#### What you have to do:
Line count for "Soft": give the number of lines in the records below that hold it, and nothing else.

Caption-style text data
== Segment start ==

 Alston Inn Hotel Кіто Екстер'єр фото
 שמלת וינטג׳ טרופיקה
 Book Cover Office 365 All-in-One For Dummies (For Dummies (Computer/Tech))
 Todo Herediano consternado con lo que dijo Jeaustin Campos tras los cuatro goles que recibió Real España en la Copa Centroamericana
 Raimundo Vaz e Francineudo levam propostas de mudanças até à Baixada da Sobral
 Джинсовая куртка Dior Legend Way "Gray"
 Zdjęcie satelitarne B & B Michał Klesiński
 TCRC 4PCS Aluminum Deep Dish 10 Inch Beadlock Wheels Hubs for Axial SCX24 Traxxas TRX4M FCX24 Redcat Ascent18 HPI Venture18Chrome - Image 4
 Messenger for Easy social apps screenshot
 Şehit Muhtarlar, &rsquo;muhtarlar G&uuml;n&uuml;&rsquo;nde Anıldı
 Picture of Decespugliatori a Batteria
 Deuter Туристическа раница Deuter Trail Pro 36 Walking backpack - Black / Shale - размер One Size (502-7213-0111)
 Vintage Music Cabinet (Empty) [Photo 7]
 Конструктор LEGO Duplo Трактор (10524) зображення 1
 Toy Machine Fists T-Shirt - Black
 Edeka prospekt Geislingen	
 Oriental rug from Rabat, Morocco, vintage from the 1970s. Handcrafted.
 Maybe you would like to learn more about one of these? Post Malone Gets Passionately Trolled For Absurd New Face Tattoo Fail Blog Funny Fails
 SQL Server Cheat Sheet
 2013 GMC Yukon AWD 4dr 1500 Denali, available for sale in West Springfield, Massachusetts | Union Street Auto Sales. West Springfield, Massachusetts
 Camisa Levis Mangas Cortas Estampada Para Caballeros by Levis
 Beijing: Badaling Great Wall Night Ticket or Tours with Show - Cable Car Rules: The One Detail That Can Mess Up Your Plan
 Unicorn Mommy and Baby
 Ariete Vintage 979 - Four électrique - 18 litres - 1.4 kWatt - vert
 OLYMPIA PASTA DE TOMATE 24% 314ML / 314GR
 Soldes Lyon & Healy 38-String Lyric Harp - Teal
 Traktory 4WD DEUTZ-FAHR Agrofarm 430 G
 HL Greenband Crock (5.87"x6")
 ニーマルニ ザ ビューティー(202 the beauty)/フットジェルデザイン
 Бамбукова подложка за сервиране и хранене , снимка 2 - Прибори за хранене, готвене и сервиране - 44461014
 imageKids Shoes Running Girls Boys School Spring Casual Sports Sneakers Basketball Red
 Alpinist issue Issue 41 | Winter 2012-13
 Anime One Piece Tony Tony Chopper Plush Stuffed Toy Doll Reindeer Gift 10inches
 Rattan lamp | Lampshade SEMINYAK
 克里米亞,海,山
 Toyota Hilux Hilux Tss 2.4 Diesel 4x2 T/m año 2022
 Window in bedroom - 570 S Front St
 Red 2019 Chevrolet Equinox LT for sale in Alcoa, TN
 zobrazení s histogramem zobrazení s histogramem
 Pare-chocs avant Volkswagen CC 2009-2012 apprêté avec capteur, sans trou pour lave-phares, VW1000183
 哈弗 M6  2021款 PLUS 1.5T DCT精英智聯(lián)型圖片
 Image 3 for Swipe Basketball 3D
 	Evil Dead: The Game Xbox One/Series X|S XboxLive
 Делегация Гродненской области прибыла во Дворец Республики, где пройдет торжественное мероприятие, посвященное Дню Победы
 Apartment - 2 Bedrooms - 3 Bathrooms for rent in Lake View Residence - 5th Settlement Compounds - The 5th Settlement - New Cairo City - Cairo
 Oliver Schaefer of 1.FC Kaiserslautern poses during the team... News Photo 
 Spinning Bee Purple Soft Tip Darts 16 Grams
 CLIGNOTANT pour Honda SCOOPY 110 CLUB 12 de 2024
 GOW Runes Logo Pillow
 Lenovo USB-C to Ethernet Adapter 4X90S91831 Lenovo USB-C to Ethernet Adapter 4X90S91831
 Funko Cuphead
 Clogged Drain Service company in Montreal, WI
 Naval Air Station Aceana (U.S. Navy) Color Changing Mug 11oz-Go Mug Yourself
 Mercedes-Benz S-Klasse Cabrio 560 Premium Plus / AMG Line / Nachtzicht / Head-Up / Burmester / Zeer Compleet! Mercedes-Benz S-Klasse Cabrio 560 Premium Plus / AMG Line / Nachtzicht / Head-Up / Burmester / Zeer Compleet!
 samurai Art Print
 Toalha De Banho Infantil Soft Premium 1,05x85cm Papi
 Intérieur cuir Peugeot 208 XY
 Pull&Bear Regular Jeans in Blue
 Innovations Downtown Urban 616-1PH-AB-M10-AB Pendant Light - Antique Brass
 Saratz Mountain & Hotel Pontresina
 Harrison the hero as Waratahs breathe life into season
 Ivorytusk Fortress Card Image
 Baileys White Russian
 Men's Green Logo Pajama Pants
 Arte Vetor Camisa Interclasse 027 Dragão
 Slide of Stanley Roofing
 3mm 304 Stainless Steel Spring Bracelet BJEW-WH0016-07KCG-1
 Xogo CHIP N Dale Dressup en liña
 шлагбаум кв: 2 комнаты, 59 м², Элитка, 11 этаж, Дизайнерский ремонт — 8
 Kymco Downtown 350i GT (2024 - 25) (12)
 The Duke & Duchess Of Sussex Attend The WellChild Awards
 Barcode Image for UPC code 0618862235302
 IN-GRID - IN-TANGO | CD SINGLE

== Segment end ==

#### Your response:
2